Let’s Talk Arrowverse – Jefferson Saves Barry (& Beebo Saves Christmas)

When Arrow debuted back in 2012, I doubt anyone foresaw the massive franchise that would grow out of it. To date it’s launched three spinoffs (The Flash, Batwoman, and Legends of Tomorrow), had three more shows retroactively added to its universe (Black Lightning, Constantine, and Supergirl), one of which recently launched a spinoff of its own (Superman & Lois), and it’s even branched out into animation before (with web series Vixen and Freedom Fighters: The Ray).

But even with all that, Beebo Saves Christmas is still an incredibly odd addition to the roster … chiefly because it refuses to acknowledge how odd it is.

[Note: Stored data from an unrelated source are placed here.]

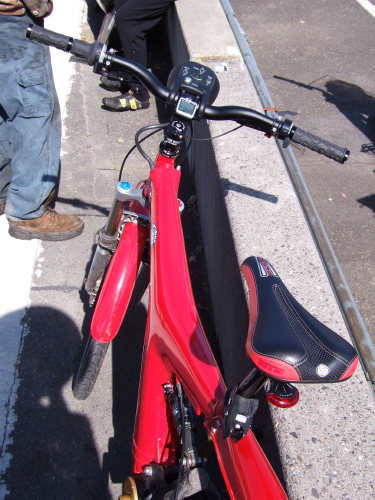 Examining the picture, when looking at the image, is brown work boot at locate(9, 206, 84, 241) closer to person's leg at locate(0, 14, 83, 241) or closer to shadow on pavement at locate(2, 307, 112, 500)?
person's leg at locate(0, 14, 83, 241)

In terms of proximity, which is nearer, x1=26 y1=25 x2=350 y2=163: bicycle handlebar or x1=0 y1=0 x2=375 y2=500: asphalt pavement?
x1=0 y1=0 x2=375 y2=500: asphalt pavement

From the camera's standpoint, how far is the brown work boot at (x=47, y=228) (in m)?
3.72

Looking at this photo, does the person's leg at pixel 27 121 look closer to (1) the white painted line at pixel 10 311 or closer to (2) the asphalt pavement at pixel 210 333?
(1) the white painted line at pixel 10 311

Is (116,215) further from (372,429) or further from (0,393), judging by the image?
(372,429)

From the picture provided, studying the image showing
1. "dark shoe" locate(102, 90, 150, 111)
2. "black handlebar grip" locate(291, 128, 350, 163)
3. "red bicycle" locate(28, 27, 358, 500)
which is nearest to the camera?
"red bicycle" locate(28, 27, 358, 500)

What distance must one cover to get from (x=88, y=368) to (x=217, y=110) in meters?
1.51

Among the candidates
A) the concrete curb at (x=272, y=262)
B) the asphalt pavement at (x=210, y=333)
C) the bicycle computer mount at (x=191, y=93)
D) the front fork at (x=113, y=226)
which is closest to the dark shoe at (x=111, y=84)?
the concrete curb at (x=272, y=262)

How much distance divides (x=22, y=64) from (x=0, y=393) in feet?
6.47

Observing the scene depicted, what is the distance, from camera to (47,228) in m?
3.75

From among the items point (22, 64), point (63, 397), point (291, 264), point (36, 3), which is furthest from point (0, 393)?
point (36, 3)

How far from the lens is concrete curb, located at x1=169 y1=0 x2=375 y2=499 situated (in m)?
1.70

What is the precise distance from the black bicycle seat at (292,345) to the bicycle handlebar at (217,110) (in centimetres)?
78

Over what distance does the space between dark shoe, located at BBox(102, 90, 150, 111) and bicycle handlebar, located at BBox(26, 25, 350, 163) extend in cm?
302

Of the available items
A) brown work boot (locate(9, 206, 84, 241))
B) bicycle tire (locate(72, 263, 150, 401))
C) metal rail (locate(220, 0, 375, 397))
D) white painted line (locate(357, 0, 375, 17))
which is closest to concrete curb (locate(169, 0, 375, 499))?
metal rail (locate(220, 0, 375, 397)) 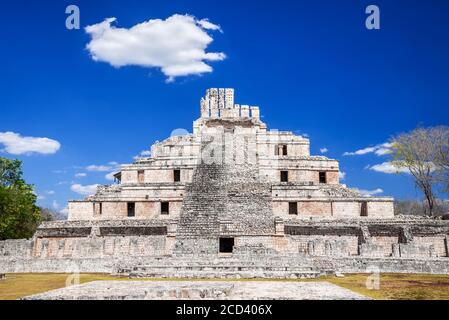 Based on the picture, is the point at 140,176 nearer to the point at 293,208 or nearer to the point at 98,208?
the point at 98,208

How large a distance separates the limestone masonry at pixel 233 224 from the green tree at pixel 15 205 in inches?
268

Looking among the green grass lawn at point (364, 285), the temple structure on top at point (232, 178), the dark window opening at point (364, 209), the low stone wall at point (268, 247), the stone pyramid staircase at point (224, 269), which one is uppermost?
the temple structure on top at point (232, 178)

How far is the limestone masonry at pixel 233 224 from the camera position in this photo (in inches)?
774

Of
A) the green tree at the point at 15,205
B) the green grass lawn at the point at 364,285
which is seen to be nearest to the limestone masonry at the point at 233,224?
the green grass lawn at the point at 364,285

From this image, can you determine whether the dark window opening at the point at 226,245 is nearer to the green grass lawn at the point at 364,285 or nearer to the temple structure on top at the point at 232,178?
Result: the temple structure on top at the point at 232,178

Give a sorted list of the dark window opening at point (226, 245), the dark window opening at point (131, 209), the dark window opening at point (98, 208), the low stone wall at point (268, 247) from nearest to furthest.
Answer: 1. the low stone wall at point (268, 247)
2. the dark window opening at point (226, 245)
3. the dark window opening at point (98, 208)
4. the dark window opening at point (131, 209)

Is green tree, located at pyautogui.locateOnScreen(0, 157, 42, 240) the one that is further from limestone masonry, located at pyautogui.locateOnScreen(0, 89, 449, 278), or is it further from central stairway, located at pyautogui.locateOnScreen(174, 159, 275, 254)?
central stairway, located at pyautogui.locateOnScreen(174, 159, 275, 254)

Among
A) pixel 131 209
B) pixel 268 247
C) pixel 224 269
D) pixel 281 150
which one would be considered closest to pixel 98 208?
pixel 131 209

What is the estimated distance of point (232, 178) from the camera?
29.3 metres

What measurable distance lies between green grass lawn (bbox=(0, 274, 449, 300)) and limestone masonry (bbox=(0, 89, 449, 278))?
132cm

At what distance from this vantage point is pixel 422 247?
22.4 metres

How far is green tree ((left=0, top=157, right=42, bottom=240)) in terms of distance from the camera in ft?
105

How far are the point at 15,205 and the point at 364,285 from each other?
25805 millimetres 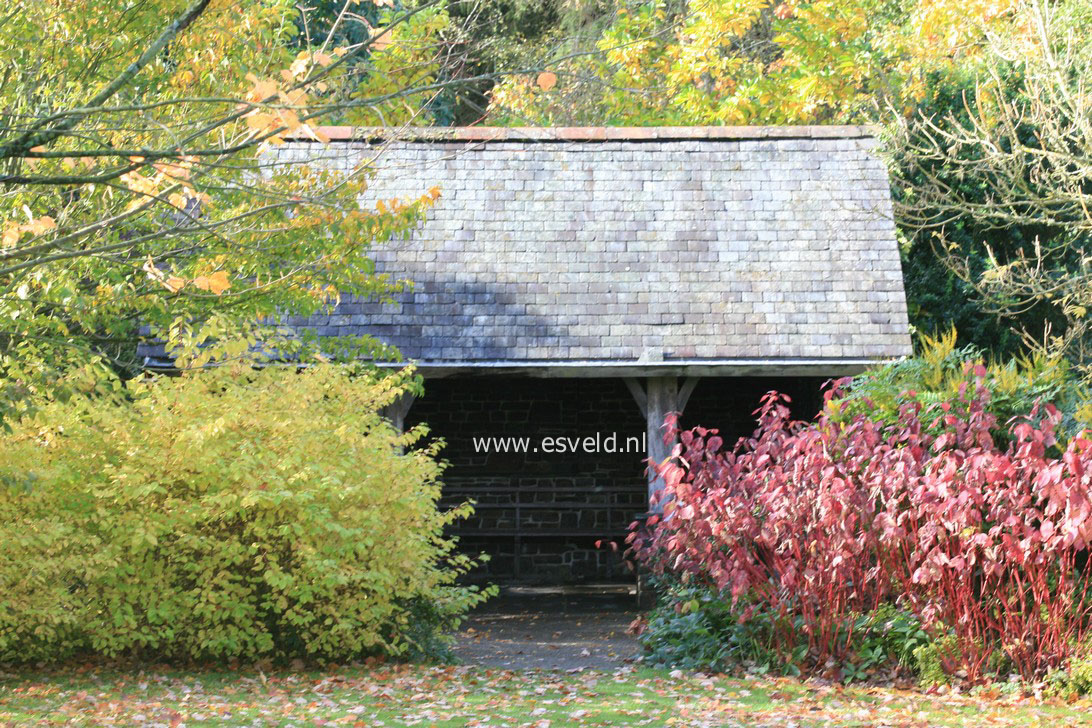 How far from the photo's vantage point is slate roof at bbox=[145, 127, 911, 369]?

It’s a Christmas special based on a fictional toy that’s appeared sporadically across Legends of Tomorrow and briefly turned up on the other shows. That’s a nutso thing to do. It’s like if, in the 90’s, Fox Studios decided to capitalize on Simpsons mania by making a real life McBain movie (hey! why didn’t they do that? it would’ve been awesome!)

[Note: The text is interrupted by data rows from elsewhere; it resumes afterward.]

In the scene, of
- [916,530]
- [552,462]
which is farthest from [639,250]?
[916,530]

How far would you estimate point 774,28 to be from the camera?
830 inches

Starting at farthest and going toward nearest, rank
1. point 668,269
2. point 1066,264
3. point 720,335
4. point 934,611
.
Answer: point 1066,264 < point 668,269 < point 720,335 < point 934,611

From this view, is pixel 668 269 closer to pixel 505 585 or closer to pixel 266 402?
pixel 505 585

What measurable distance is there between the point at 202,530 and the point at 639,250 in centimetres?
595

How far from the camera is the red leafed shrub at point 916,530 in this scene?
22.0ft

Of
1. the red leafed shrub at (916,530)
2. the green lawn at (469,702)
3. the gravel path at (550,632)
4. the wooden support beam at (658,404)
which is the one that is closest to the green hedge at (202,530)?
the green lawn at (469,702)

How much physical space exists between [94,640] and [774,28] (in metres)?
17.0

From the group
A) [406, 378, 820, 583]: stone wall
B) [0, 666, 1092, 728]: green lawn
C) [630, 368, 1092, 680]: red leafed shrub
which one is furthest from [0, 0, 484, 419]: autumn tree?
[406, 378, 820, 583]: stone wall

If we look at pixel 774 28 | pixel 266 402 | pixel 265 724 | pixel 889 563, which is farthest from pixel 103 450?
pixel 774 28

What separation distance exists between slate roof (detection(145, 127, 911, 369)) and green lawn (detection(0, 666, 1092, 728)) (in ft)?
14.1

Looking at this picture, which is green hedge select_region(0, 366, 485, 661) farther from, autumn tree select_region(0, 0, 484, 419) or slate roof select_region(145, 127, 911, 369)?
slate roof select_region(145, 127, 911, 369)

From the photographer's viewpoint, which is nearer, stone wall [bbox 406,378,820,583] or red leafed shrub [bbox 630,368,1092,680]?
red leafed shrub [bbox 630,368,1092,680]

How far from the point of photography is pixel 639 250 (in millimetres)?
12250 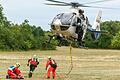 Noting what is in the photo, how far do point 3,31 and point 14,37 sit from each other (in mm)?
2444

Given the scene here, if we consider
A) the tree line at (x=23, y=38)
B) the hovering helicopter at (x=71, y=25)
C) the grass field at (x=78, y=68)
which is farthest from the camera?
the tree line at (x=23, y=38)

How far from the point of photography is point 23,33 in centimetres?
8962

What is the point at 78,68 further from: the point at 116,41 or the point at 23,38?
the point at 116,41

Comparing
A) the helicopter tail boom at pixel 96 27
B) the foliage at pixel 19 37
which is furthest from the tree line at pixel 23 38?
the helicopter tail boom at pixel 96 27

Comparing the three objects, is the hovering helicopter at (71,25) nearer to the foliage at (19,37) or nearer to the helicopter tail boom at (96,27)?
the helicopter tail boom at (96,27)

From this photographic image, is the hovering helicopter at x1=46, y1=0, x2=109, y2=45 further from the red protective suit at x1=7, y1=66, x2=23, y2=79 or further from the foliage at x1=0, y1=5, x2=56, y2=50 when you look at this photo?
the foliage at x1=0, y1=5, x2=56, y2=50

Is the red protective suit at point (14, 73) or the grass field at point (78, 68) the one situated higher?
the red protective suit at point (14, 73)

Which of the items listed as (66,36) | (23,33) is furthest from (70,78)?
(23,33)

Thing is, nowhere does Beebo Saves Christmas drop the pretense that it’s anything but an ordinary Christmas special. It’s like that Rick & Morty episode where they pick up television signals from other universes. In the Arrowverse, Beebo is a well-established toy and multimedia franchise; for them, a Beebo Christmas special would be nothing unusual, and they’d go into it not needing any introduction to Beebo and his cast of supporting characters, so that’s how Beebo Saves Christmas presents itself.

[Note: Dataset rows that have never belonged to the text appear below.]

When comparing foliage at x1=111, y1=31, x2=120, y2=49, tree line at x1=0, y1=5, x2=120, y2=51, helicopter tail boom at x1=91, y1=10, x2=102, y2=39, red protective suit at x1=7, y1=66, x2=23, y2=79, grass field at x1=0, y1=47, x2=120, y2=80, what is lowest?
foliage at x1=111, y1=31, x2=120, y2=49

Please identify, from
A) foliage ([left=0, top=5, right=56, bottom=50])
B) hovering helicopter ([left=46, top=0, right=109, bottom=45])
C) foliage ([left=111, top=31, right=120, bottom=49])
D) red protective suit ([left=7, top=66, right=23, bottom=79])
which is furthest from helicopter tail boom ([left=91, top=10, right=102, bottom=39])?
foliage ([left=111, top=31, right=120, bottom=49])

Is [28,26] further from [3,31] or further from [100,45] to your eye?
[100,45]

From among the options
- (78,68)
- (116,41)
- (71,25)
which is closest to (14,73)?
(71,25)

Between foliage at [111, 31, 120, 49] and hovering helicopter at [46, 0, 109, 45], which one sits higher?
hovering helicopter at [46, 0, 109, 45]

The special commits to this gimmick. It drops us in with no attempt to explain who or what Beebo and “Bo-Ville” are. It keeps everything thoroughly child-friendly, with none of its parent show’s love of violence and drug use. It even has Beebo feeling out of place with the fast-paced modern world, like he’s a character who’s been around for decades and is now getting the Brady Bunch Movie treatment.

Given all that … is this special any good? I’d say: yes! It’s not going to join classics like the claymation Rudolph or the Peanuts Christmas special (and nothing, of course, can come anywhere close to the majesty of How the Grinch Stole Christmas). But it’s legitimately funny (my biggest laugh was the sentry AI that’s a cross between Siri/Alexa, an automated customer support line, and “The Nozzle” from Venture Bros.), it has a decent message about recognizing that other people can enjoy different things than you, and has an overall vibe that’s just endearing.

I doubt I’ll put it into my “watch each Christmas” rotation, but I could see myself drifting back to it several Christmases down the line and still enjoying myself.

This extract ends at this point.